JAKARTA - The International Olympic Committee (IOC) announced Friday local time that it will award the gold medal that was due to American athlete Jim Thorpe after he won two gold medals in 1912 which was later withdrawn.

The IOC said it "will further name Jim Thorpe as the sole gold medalist of the 1912 Stockholm Olympics and decathlons. This change coincides with the 110th anniversary of Thorpe's medal in the decathlon."

The Thorpe medal was stripped in 1913 after the US media revealed that the athlete was previously a professional American football and baseball player.

The Amateur Athletic Association (AAU), the predecessor to the United States Olympic Committee, ruled that Thorpe, a Native American and member of the Sac and Fox, had violated amateur rules.

Hugo K. Wieslander of Sweden was then declared the gold medalist of the decathlon and Ferdinand Bie of Norway the winner of the post-race gold medal.

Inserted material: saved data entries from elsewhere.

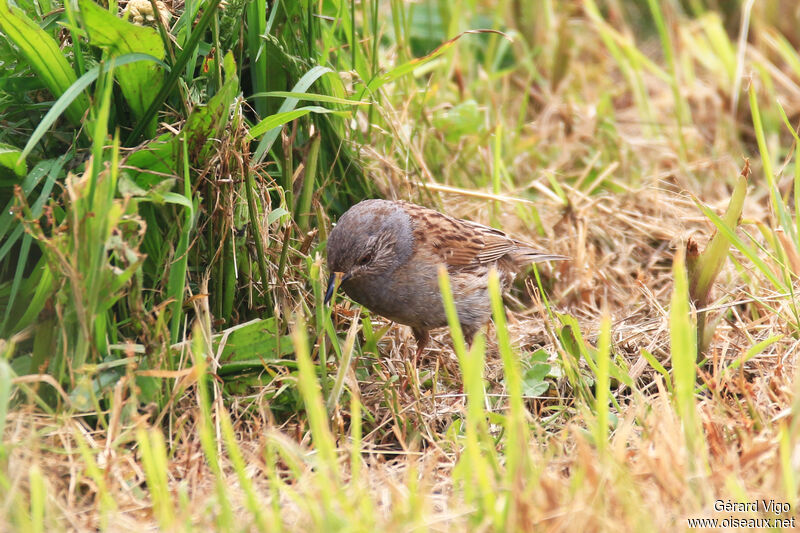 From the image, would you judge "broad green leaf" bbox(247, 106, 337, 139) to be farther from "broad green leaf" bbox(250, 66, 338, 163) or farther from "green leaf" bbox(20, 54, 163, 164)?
"green leaf" bbox(20, 54, 163, 164)

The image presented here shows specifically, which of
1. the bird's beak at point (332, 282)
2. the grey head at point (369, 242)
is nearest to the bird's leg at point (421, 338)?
the grey head at point (369, 242)

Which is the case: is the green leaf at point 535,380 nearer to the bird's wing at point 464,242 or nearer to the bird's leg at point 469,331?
the bird's leg at point 469,331

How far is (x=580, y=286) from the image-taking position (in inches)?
198

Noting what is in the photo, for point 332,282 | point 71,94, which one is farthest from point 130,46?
point 332,282

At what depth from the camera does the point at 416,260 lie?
449 centimetres

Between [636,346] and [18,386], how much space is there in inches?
107

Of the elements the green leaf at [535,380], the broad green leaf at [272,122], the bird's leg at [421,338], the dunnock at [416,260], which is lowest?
the green leaf at [535,380]

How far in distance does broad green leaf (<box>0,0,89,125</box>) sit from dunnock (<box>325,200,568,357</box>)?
131 cm

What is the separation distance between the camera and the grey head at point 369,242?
411 cm

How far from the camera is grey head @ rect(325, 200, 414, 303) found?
4105mm

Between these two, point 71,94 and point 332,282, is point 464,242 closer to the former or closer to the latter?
point 332,282

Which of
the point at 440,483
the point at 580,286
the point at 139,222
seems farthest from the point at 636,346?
the point at 139,222

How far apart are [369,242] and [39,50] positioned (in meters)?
1.62

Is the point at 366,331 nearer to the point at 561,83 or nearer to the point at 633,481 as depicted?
the point at 633,481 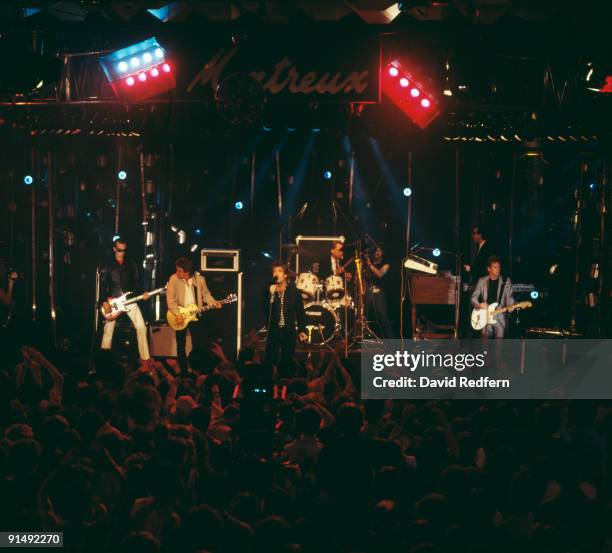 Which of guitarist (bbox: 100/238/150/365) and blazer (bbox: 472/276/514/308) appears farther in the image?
guitarist (bbox: 100/238/150/365)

In 1983, 30 years after Thorpe's death, the IOC presented a replica of the gold medal to his family after reinstating him as an amateur athlete and stated that under IOC rules, medal disqualification should take place within 30 days.

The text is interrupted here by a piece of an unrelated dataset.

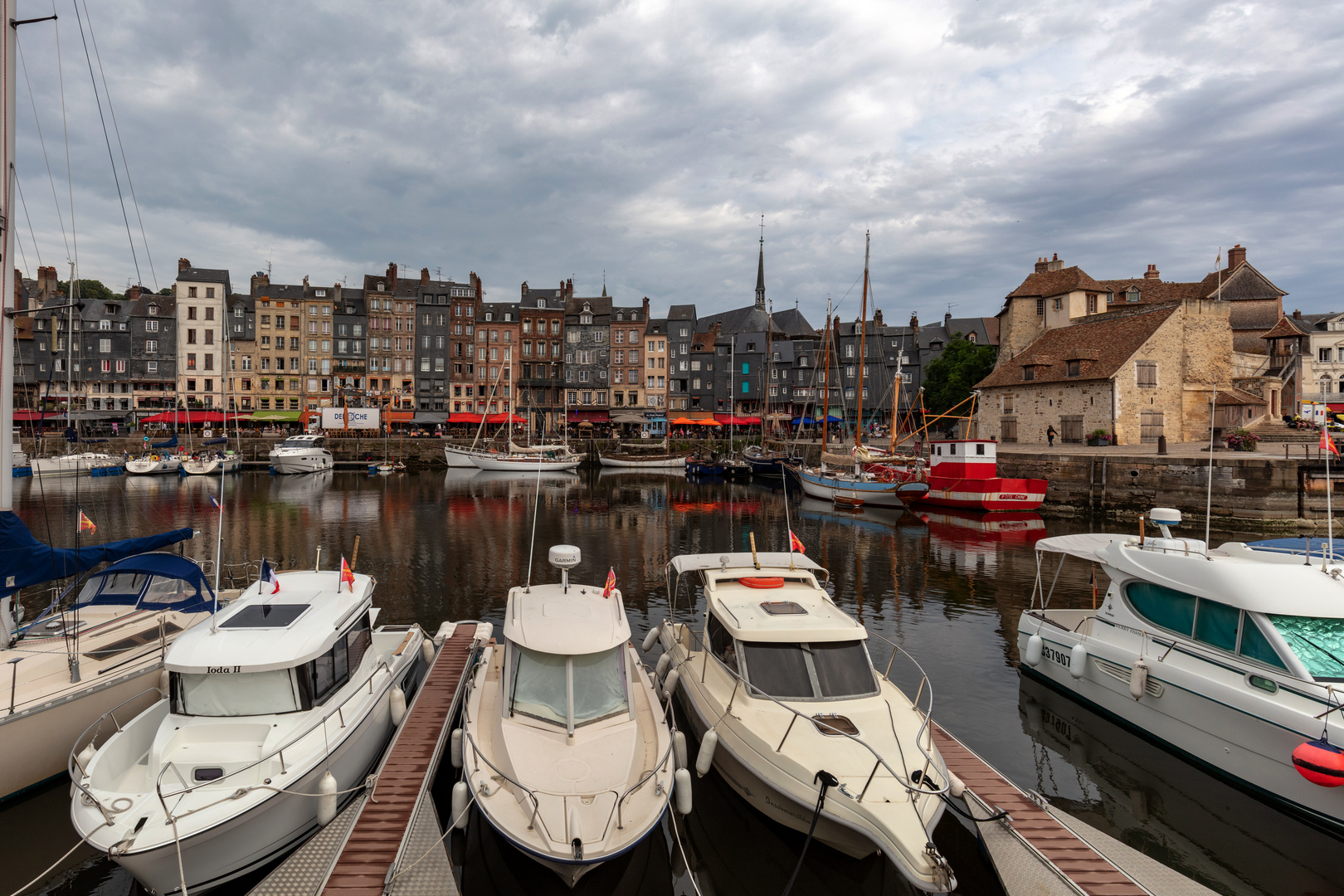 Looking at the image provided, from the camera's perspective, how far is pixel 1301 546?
1205 cm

A lobby group, Bright Path Strong, named after Thorpe's Indian name, Wa-Tho-Huk or Bright Path, seeks to fully restore the athlete's rights.

They contacted the Swedish and Norwegian Olympic associations, both of which replied Thorpe should be declared the sole gold medalist.

A surviving member of the Wieslander family also insists the Swede "never received the Olympic gold medal that was awarded to him, and has always held the opinion that Thorpe is the only legitimate Olympic gold medalist," the IOC said.

The IOC said that in addition to "Thorpe's current name will be displayed as the sole gold medalist of the post-race and decathlon", silver was awarded to Bie and Wieslander, other medals already awarded would not be revoked.

America's James Donahue and Canada's Frank Lukeman continue to earn the post-race silver and bronze awarded to them in 1913. Two Swedes, Charles Lomberg and Gosta Holmer, remain entitled to silver and bronze decathlons.

King Gustav V presented this medal to Thorpe. The king said to him, "Sir, you are the greatest athlete in the world."

Thorpe played in the National Football League until the age of 41. He was the first president of the American Professional Football Association which became the forerunner of the NFL. He was also inducted into the NFL Hall of Fame.

He also played in the Major League Baseball baseball league and was also part of a basketball team.